Problem description
Return the run of lines below that opens with the line containing "Wandern Sie in" and closes with the line containing "Tempaper Bird Watching", keeping each one exact.

(Beginning of Task material)

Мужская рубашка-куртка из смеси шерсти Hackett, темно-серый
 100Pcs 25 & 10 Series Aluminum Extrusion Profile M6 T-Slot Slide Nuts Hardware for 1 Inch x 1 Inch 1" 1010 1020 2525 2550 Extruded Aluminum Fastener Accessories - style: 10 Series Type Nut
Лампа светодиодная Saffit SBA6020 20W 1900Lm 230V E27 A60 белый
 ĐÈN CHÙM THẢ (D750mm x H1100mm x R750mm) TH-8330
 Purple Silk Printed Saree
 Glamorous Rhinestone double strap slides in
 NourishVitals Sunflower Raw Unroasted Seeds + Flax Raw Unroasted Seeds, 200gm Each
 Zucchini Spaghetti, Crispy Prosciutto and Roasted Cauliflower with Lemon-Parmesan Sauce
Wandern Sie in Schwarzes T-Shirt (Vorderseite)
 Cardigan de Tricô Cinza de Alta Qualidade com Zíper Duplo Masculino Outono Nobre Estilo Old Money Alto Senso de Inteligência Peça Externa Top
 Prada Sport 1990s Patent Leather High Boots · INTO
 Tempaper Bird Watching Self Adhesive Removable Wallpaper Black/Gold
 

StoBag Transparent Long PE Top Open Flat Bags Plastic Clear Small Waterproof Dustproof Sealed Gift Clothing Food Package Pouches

(End of Task material)

Completed task
Wandern Sie in Schwarzes T-Shirt (Vorderseite)
 Cardigan de Tricô Cinza de Alta Qualidade com Zíper Duplo Masculino Outono Nobre Estilo Old Money Alto Senso de Inteligência Peça Externa Top
 Prada Sport 1990s Patent Leather High Boots · INTO
 Tempaper Bird Watching Self Adhesive Removable Wallpaper Black/Gold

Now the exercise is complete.